Praise Works

While praying morning prayers this weekend, a verse from Psalm 8 struck me. Psalm 8:2 says “Out of the mouths of children and infants you have brought praise, to confound your enemies, to destroy your vengeful foes.”

I had an interesting dream in November of 2006. I found myself in an old house. It was well lit and comfortable, but not sumptuous. The hardwood floors were enhanced with slightly worn, but still beautiful rug runners, and the detailed, but not ornate woodwork was smoothed and darkened by years of loving touch. It was dark outside. Indeed, it was perhaps empty outside. As I stood in the hallway, demons began to assault the house, coming in the doors and windows, sometimes singly, sometimes in a mob.

Fortunately, I had my handy-dandy demon-slaying arsenal with me, consisting of such items as:

  • A shotgun with silver buckshot
  • A high-powered water gun loaded with holy water
  • An assortment of crosses
  • Stakes (wooden stakes, not meat steaks)
  • A bible
  • Candles, bells, and other movie-exorcism tools
  • Grenades
  • A single-use rocket launcher
  • A Desert Eagle .50 Caliber semi-automatic handgun
  • A crossbow
  • A giant glowing sword

Don’t ask how I managed to have all these things at my disposal, it was a dream after all.

As the demons entered, I began blasting away with my various weapons.
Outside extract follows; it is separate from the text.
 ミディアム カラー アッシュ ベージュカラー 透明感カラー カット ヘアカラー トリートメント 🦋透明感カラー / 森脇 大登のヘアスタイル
As I hacked away at the attacking enemies, I began to feel frightened when I realized that my weapons had little or no effect. Perhaps you recall that ever-so-lovely movie “Terminator 2: Judgment Day”, in which Robert Patrick plays a liquid-metal robot? It was somewhat like that… I’d blast a giant hole in a demon, and it would take a step back, “heal” itself, and resume the assault.
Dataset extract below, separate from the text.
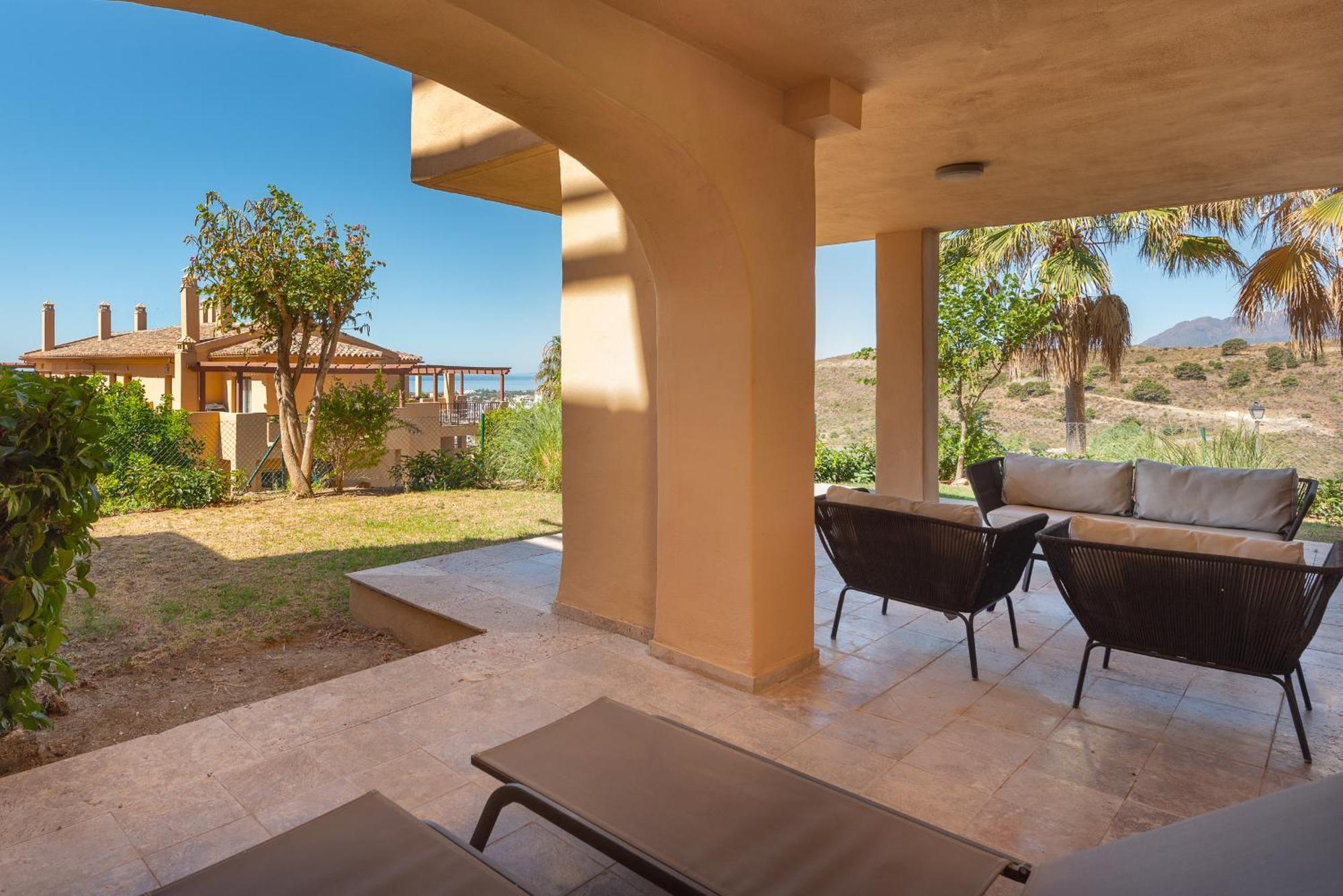 Apartment Bright 3-bedroom With Sunset Views Estepona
Throwing away my physical weapons, I congratulated myself for thinking to engage the enemy with spiritual weapons. I quoted the words Jesus and the Apostles used when they cast out demons, prayed powerful prayers of command and defense, and generally did all of the things you’d expect someone to do in a dream with a comic-book movie flavor. These memorized anti-demon prayers and scriptures were hardly more effective than my rocket launcher.

I began to fear in earnest. The house was under assault, the enemies were in the door, my armor was in tatters, and my weapons were of no effect. Not knowing why, I fell to my knees, and prayed from the heart “Naked I came from my mother’s womb, and naked shall I return; the LORD gave, and the LORD has taken away; blessed be the name of the LORD.” (Job 1:21)
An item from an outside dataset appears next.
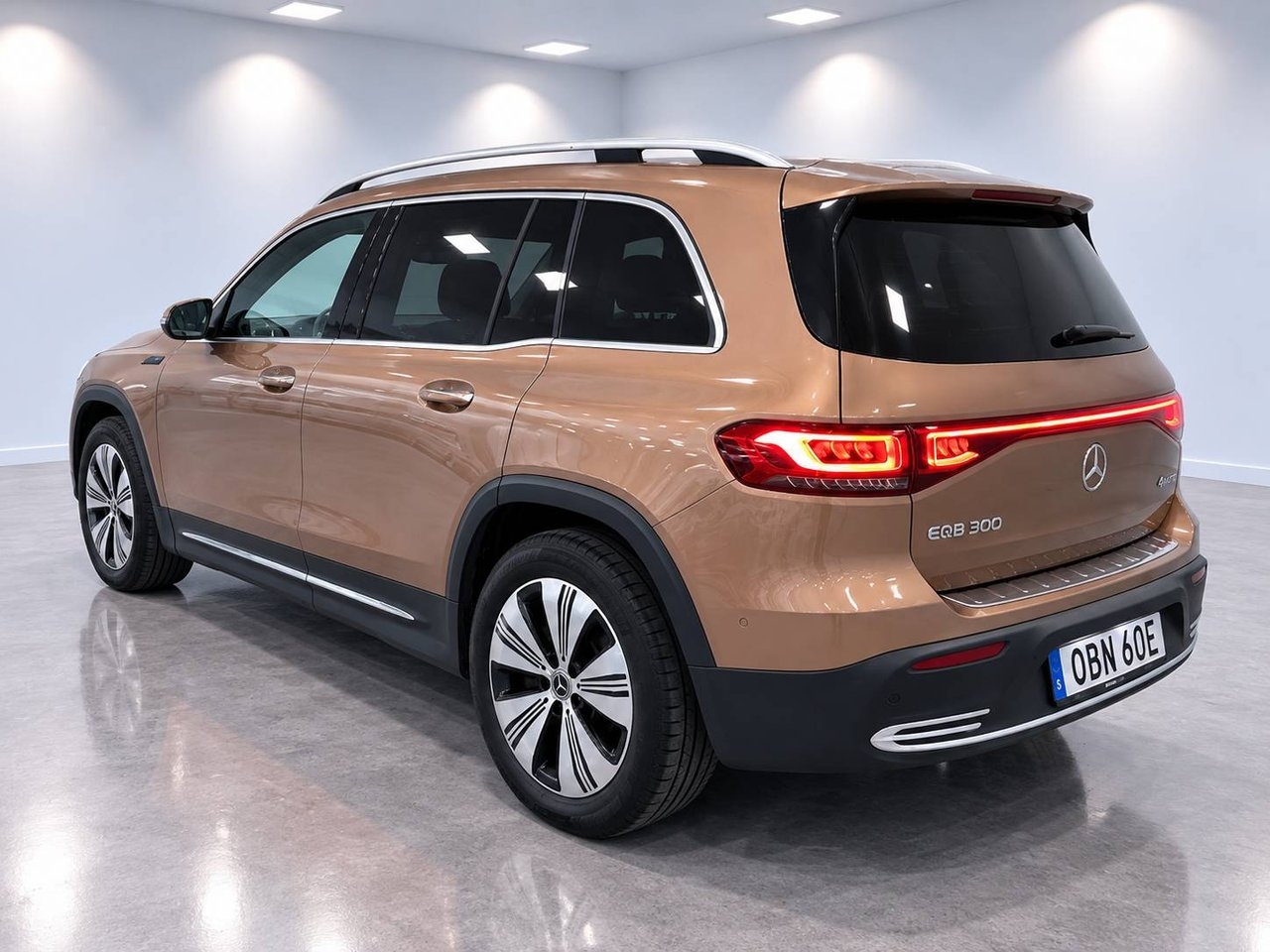 Mercedes-Benz EQB 2023, bild 6/10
Immediately, the demons fled into the nether, the door slammed shut behind them, and all was again light and warmth and peace. I awoke with a fresh understanding:

Of all the weapons we possess, praise is perhaps the most powerful.

This spirit of praise and implicit trust in God gives power to all our efforts. It is not coincidence that James wraps his instruction to resist the devil as he does, where he writes:

God resists the proud, but gives grace to the humble. So submit yourselves to God. Resist the Devil, and he will flee from you. Draw near to God, and he will draw near to you.” (James 4:7)

As the church (the “house” of God) finds herself under assault, it is critical that I keep my focus on the Lord, his goodness, and his greatness, rather than the enemy, and upon praising God and submitting myself to him, placing myself under his authority rather than attempting to “use” his power.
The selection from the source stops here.